Le sommet de l’ONU sur le climat (COP25) est réuni jusqu’au 13 décembre dans la capitale espagnole avec pour but d’avancer vers les objectifs de l’Accord de Paris de 2015: limiter le réchauffement climatique bien en dessous de 2°C, voire 1,5°C, ce qui nécessiterait de réduire drastiquement le recours aux énergies fossiles.
Les groupes Iberdrola et Endesa font partie des sponsors de cet événement, accueilli en dernière minute en Espagne après l’annonce par le Chili qu’il renonçait à l’organiser en raison d’un mouvement social sans précédent.
L’énergéticien espagnol Endesa, principal émetteur de gaz à effet de serre en Espagne, est l’un des sponsors de la COP25 ( AFP / JOSE LUIS ROCA )
Mais un groupe d’ONG craint que la présence de ces grands groupes, à côté d’autres comme Suez, Santander ou Acciona, puissent jouer sur les discussions en cours.
« Notre travail et notre détermination sont facilement dépassés par les moyens énormes des entreprises polluantes », dénonce Sarah Dobson, de la coalition britannique Youth Climate Coalition.
Endesa est le principal émetteur de gaz à effet de serre en Espagne, ayant produit un peu plus de 60 millions de tonnes équivalent CO2 en 2018, selon l’ONG Corporate Accountability watchdog. Iberdrola en a produit 24,6 millions.

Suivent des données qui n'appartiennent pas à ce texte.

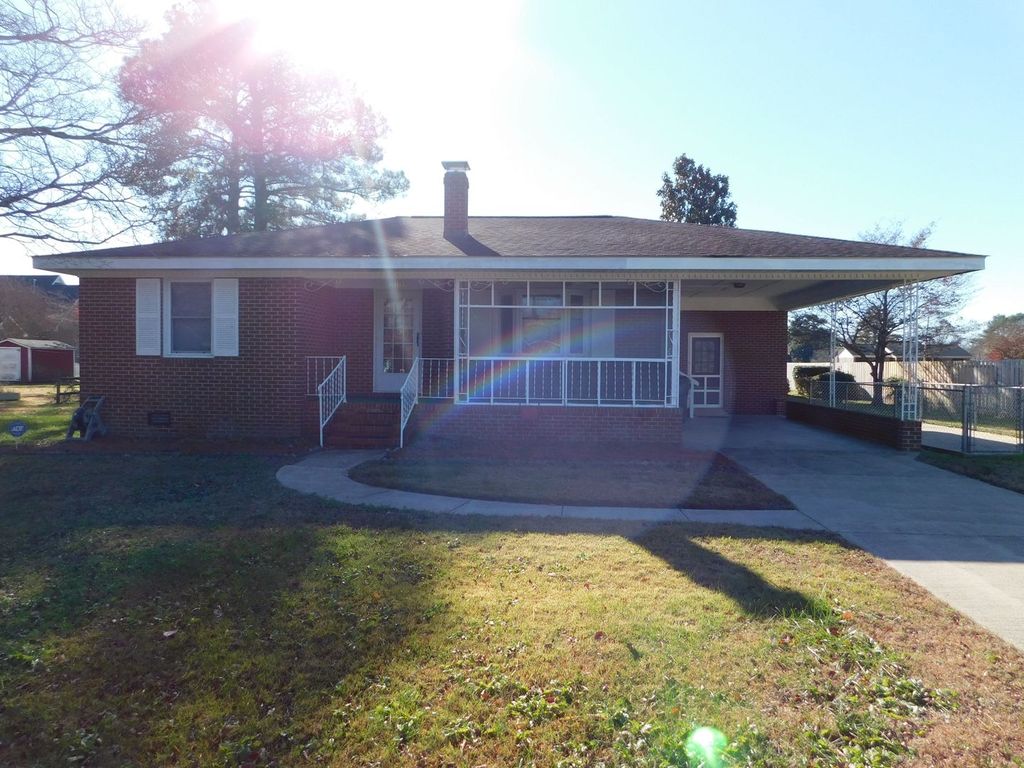 215 Crescent Dr, Hertford, NC 27944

Chaque entreprise aurait déboursé 2 millions d’euros pour sponsoriser la COP25, selon des observateurs (chiffre toutefois non confirmé par l’ONU ni par les groupes en question), leur donnant accès à 74 événements via l’Association mondiale du commerce des émissions (IETA), qui compte parmi ses membres BP, Chevron, Shell, Engie, ou Total.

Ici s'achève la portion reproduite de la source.